LDR
- Core Scientific (CORZ) delivered Q4 revenue of $79.8 million, falling significantly short of Wall Street’s $122 million projection, while losses expanded to $0.42 per share compared to anticipated $0.08.
- Cryptocurrency mining operations generated $42.2 million in Q4, representing a nearly 50% year-over-year decline as Bitcoin prices hover around $68,000 — approximately 46% below the late-2025 high.
- The firm continues accelerating its strategic transition into HPC and AI colocation services, developing a 1.5-gigawatt pipeline of available hosting capacity.
- Expansion efforts include 430 megawatts of new gross power capacity in Texas, alongside 300 megawatts of additional capacity at current Georgia and Texas facilities.

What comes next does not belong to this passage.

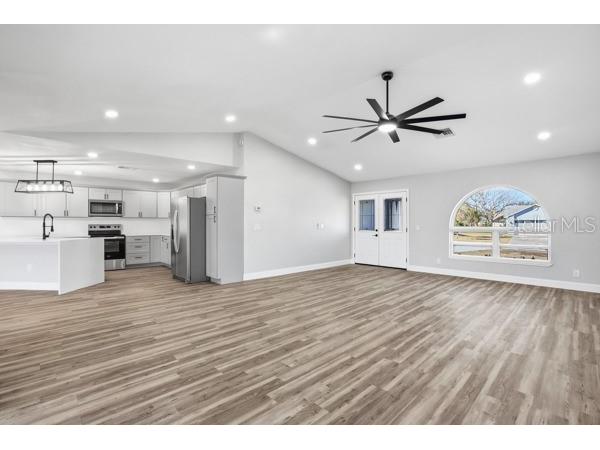 9642 Elgin Boulevard Spring Hill FL 34606 TB8480842 image10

- CORZ closed Monday’s session 2.8% lower at $16.49, briefly touching $14.69 during extended trading before stabilizing — the stock maintains year-to-date gains exceeding 13%.
Core Scientific delivered fourth-quarter results that fell substantially below Wall Street projections, pressuring CORZ shares during Monday’s trading.

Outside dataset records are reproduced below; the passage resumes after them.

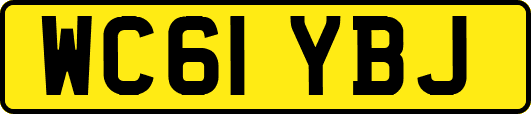 WC61YBJ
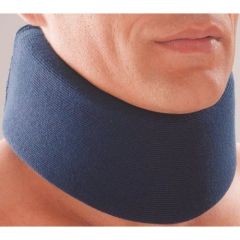 Thuasne Ortel C1 Anatomic Cervical Collar # 2394 02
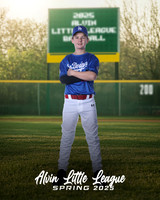 JR_DODGERS_14U_Swaggard_Wesley_143A4380_SIGN
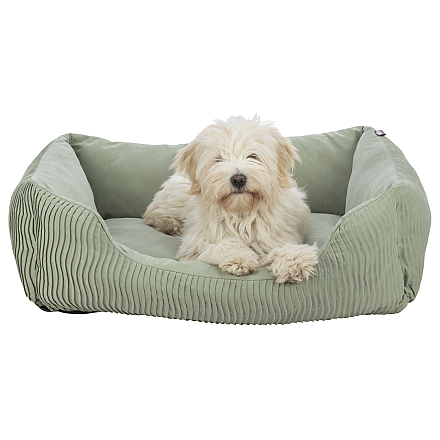 TRIXIE Hondenmand Marley Salie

The mining and infrastructure company posted Q4 revenue of $79.8 million — representing a 16% decline from the prior year period and missing analyst projections that ranged between $90 million and $122 million across various research firms.
Per-share losses reached $0.42, substantially worse than the $0.08 loss analysts had modeled.
Cryptocurrency mining operations experienced the steepest decline, with revenue plummeting nearly 50% year-over-year to land at $42.2 million.
Bitcoin currently trades near $68,000 — roughly half the cryptocurrency’s peak value above $126,000 reached during late 2025. After closing 2025 just below $88,500, Bitcoin prices have maintained a downward trajectory.
These price declines have compressed profitability throughout the mining industry. The April 2024 halving event, which reduced mining rewards by 50%, compounded challenges alongside escalating energy and infrastructure expenses.
Pivoting to AI and HPC
Core Scientific has been strategically shifting its business model away from cryptocurrency-focused operations toward hosting and colocation services supporting high-performance computing and artificial intelligence applications.
CEO Adam Sullivan emphasized that the company has “now past the halfway point on our existing builds and scaling our colocation platform into a 1.5-gigawatt pipeline of leasable capacity.”
The strategy includes concrete expansion initiatives. The company revealed plans for a Texas facility that will add approximately 430 megawatts of gross power capacity.
Additional capacity totaling 300 megawatts will come online across existing Georgia and Texas properties.
Sullivan highlighted the company’s “multi-geography footprint and proven execution” as key drivers for accelerating RFS — ready for service — deployment schedules.
The company recorded Q4 net income of $216 million, though this figure reflected a substantial $330.3 million non-cash fair value adjustment. Adjusted EBITDA revealed a loss of $42.7 million.
RIOT Holds Flat on Its Own Miss
Competing miner Riot Platforms announced Q4 revenue of $152.8 million — representing 7% growth year-over-year, though trailing the $157 million consensus estimate.
A notable discrepancy emerged in reported figures: separate LSEG data showed RIOT’s Q4 revenue at $647.4 million, a variance likely attributable to different analyst methodologies regarding engineering revenue and supplementary revenue streams.
RIOT closed Monday at $16.43, showing minimal movement in after-hours trading to $16.28.
CORZ finished the regular trading day down 2.8% at $16.49. During extended hours, shares dipped to $14.69 before recovering to end after-hours trading roughly unchanged.
Despite recent pressure, CORZ maintains year-to-date gains above 13%.